Industri Jasa Keuangan Penetapan kebijakan mitigasi risiko yang berdampak pada stabilitas sistem.
Kelembagaan Penambahan Dewan Komisioner dan penguatan struktur internal organisasi.

Tabel tersebut menunjukkan transisi besar dalam fungsi OJK sebagai pengawas tunggal yang lebih bertenaga. Transformasi ini merupakan bagian dari upaya besar dalam menata ulang ekosistem finansial di Indonesia.

Menjaga Ketahanan Ekonomi di Tengah Gejolak Pasar

Selain membahas UU PPSK, Purbaya Yudhi Sadewa juga sempat memberikan tanggapan mengenai kondisi pasar saat ini. Ia tetap optimis meski Indeks Harga Saham Gabungan (IHSG) sempat mengalami tekanan hebat.

Purbaya meyakini bahwa pasar modal Indonesia akan segera mengalami pemulihan atau rebound dalam waktu dekat. Ia meminta para pelaku pasar untuk tetap tenang dan tidak bereaksi berlebihan secara emosional.

Terkait kondisi nilai tukar, Menteri Keuangan membuka peluang untuk memperkuat koordinasi dengan Komite Stabilitas Sistem Keuangan (KSSK).
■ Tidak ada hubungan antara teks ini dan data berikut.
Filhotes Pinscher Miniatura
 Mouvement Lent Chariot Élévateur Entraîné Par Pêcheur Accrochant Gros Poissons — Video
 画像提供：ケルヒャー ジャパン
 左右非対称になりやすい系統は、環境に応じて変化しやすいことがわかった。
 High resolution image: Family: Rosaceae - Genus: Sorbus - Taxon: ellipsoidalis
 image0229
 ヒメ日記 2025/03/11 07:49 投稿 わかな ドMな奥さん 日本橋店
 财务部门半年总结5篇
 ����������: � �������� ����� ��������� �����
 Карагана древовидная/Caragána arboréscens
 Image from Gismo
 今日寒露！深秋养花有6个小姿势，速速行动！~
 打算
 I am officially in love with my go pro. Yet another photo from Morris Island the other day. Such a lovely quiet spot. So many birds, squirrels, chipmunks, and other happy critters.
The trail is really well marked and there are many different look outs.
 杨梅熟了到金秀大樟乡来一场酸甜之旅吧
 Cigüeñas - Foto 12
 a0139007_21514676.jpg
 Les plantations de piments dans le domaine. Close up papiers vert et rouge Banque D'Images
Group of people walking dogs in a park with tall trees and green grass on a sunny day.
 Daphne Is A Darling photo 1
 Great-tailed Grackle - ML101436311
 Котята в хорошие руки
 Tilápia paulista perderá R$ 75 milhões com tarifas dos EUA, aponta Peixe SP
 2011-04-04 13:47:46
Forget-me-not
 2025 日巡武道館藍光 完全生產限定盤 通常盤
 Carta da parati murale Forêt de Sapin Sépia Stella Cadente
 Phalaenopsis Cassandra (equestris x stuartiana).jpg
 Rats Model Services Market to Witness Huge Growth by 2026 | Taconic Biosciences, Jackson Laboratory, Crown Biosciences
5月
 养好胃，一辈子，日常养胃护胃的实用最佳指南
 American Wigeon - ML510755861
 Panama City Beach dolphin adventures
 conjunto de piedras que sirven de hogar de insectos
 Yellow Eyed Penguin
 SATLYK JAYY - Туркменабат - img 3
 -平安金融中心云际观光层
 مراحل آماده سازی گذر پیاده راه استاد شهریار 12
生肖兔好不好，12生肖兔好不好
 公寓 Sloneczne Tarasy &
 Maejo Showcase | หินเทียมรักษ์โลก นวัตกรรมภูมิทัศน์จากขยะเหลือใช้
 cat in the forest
Hal ini dilakukan sebagai respons terhadap tren pelemahan rupiah terhadap dolar.

Pemerintah terus memantau pergerakan pasar untuk memastikan langkah intervensi yang diambil tepat sasaran. Koordinasi antara bank sentral dan pemerintah menjadi kunci dalam menjaga nilai tukar mata uang.

Melalui pengesahan revisi UU PPSK ini, OJK diharapkan dapat menjadi benteng pertahanan utama ekonomi nasional. Pengawasan yang lebih menyeluruh akan memastikan setiap dana publik dikelola dengan prinsip kehati-hatian.

Perubahan ini juga memberikan kepastian hukum bagi para pelaku usaha di sektor jasa keuangan. Dengan aturan yang jelas, iklim investasi di Indonesia diharapkan tetap kompetitif dan menarik bagi investor asing.